Problem details: Exactly as written, set down each line of the data below except its pictures.
______
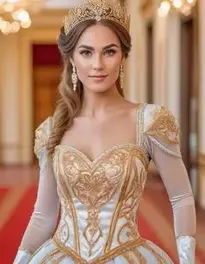 Elegant Masquerade Dress face swap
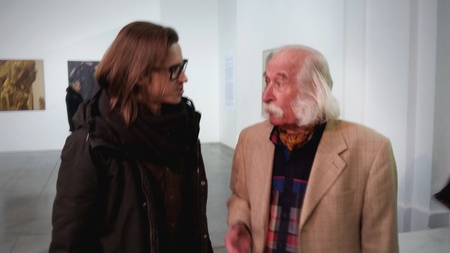 Вистака Івана Марчука "Генотип Вольності" (на фото Іван Марчук та Віталій Дмитрук в Мистецькому Арсеналі)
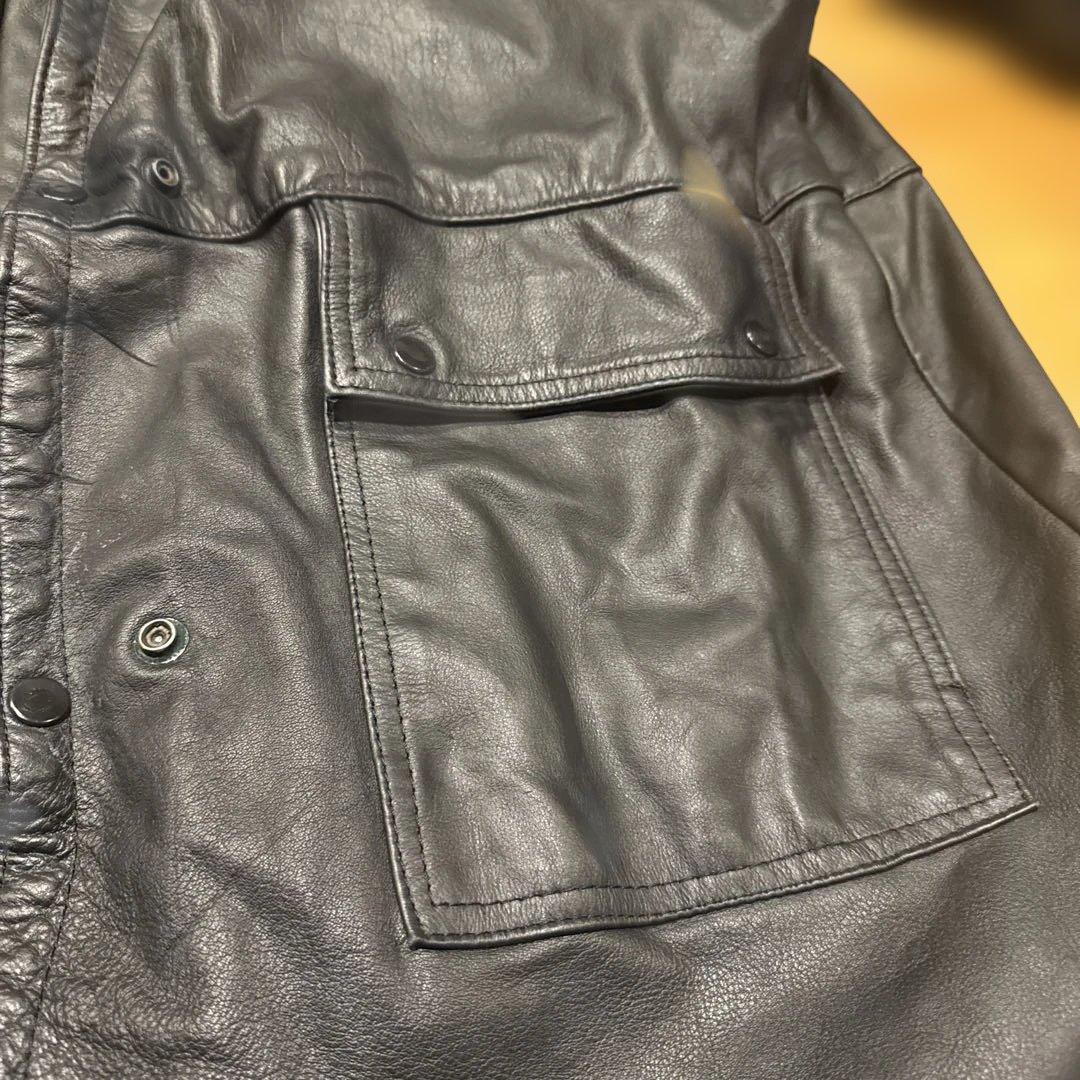 90s肉厚黒レザー モーターサイクルロングコート スタンドカラーFIRST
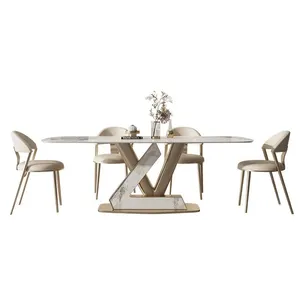 cross leg dining table high quality stainless steel dining table with wholesale price marble or rock beam top dining table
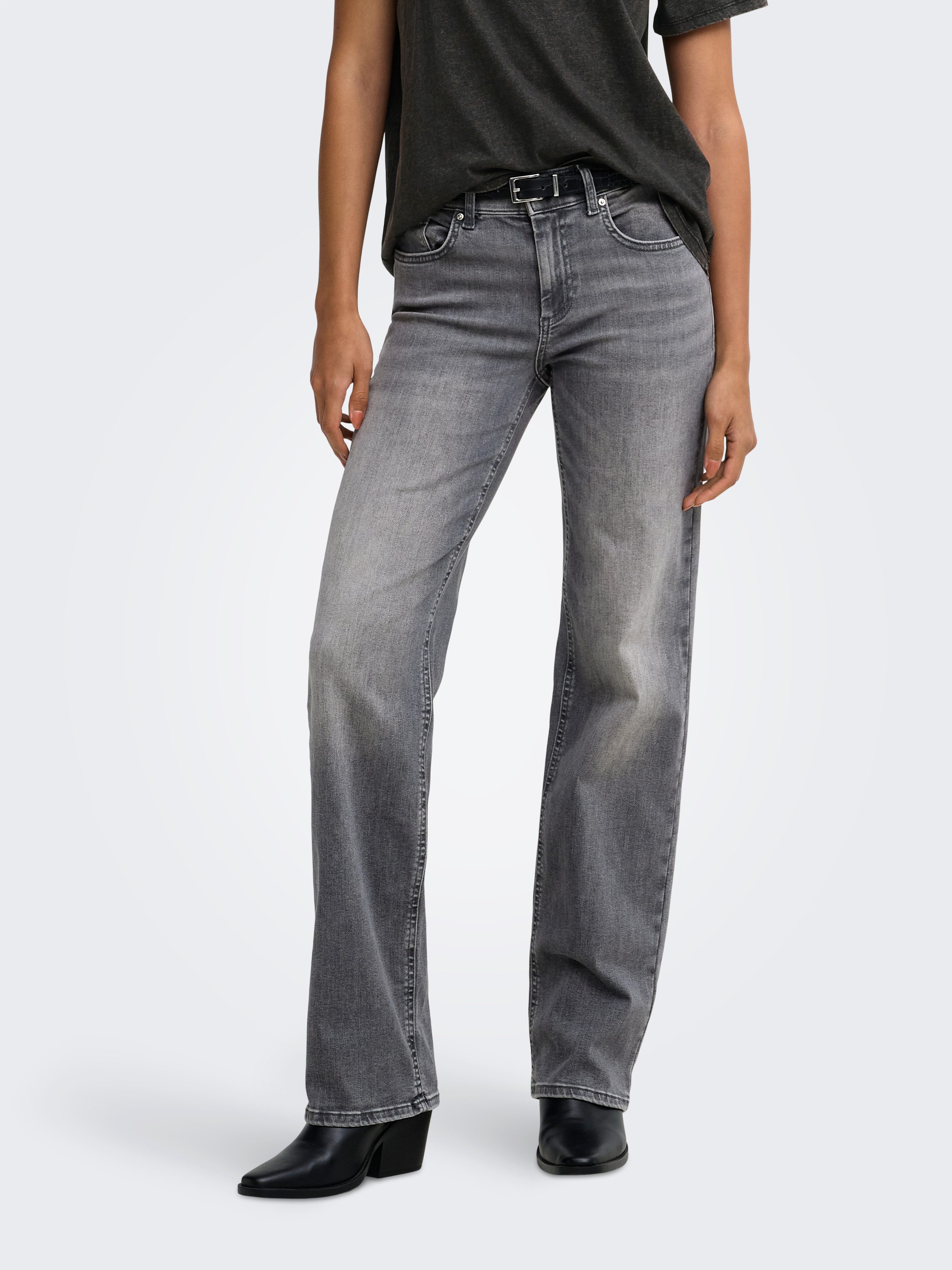ONLY Straight-Jeans ONLWINNIE MID STRAIGHT DNM Baumwollmischung, straight fit, mid waist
______
Result of this task:
 Elegant Masquerade Dress face swap
 Вистака Івана Марчука "Генотип Вольності" (на фото Іван Марчук та Віталій Дмитрук в Мистецькому Арсеналі)
 90s肉厚黒レザー モーターサイクルロングコート スタンドカラーFIRST
 cross leg dining table high quality stainless steel dining table with wholesale price marble or rock beam top dining table
ONLY Straight-Jeans ONLWINNIE MID STRAIGHT DNM Baumwollmischung, straight fit, mid waist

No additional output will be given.